Als Richter erstmals „Birkenau“ ausstellte, beinhaltete er nicht nur die Gemälde, sondern auch vier Reproduktionen, die jeweils in vier Quadranten unterteilt waren und die vier Fotografien symbolisierten, die die Gemälde inspirierten. Er fügte auch mehr als 90 kleinere Segmente der Gemälde hinzu, die an der Wand wie ein Diagramm angeordnet waren.
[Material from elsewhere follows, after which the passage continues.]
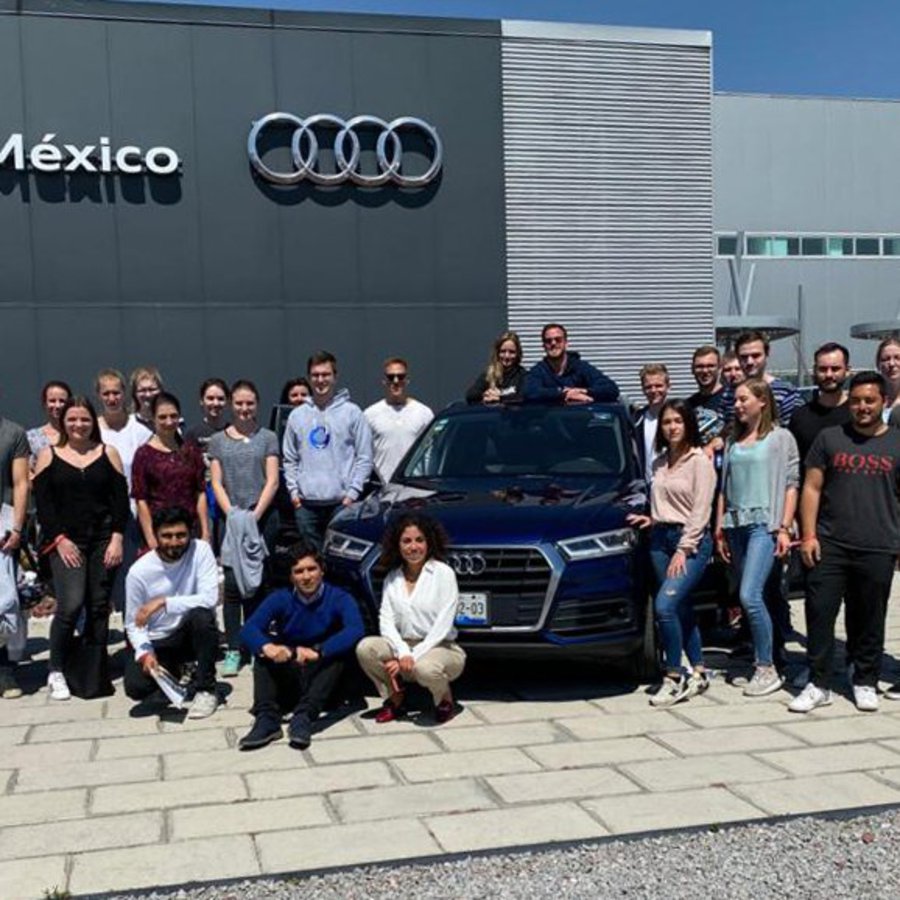 Eine große, gemischte Gruppe von Personen posiert vor einem Audi Autohaus.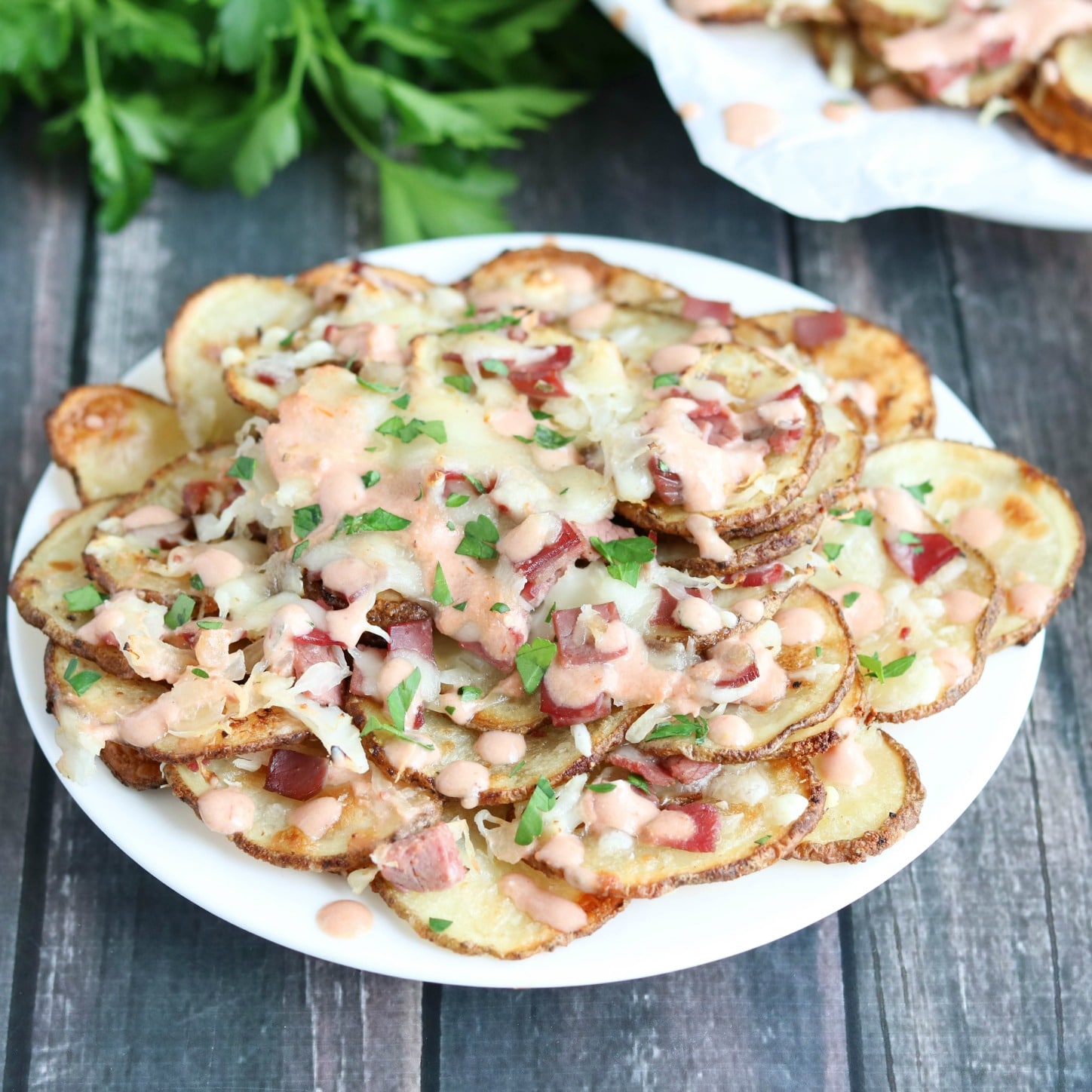 These Reuben-Topped Irish Nachos feature seasoned, oven-baked potato chips, plus delicious toppings loaded with the ever-popular flavors of a reuben sandwich! Easy to make, seriously delicious! | www.TwoHealthyKitchens.com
Diese kleineren Segmente wurden dann in einem Buch ohne Text, nur mit Bildern, zusammengestellt. Es ist, als würde er die unendlichen Möglichkeiten erkunden, wie wir diese Geschichte in ihre Komponenten zerlegen können. Wir werden niemals das Ende der kleinen Momente finden, die zur Tragödie führten. Wir werden niemals in der Lage sein, die Geschichte jedes Einzelnen zu erzählen, der von den Ereignissen betroffen war. Jedes Einzelteil ist so schön und schrecklich wie das große Ganze. Jetzt, da das Gemälde dauerhaft im Reichstag gegenüber einer monumentalen Darstellung der deutschen Flagge residiert, sehen wir die Kraft dieser epischen Reise in die Abstraktion, die der Kraft konkreter Symbolik gegenübersteht. „Birkenau“ ist eine Erinnerung daran, dass die Geschichte durch solche ästhetischen Angelegenheiten mehr informiert wird, als wir uns bewusst sind.

Vorschaubild: Gerhard Richter - Birkenau (937-1), 2014. Öl auf Leinwand. 260 x 200 cm. Gerhard Richter Archiv, Dresden, Deutschland. © Gerhard Richter
Alle Bilder dienen nur zu Illustrationszwecken.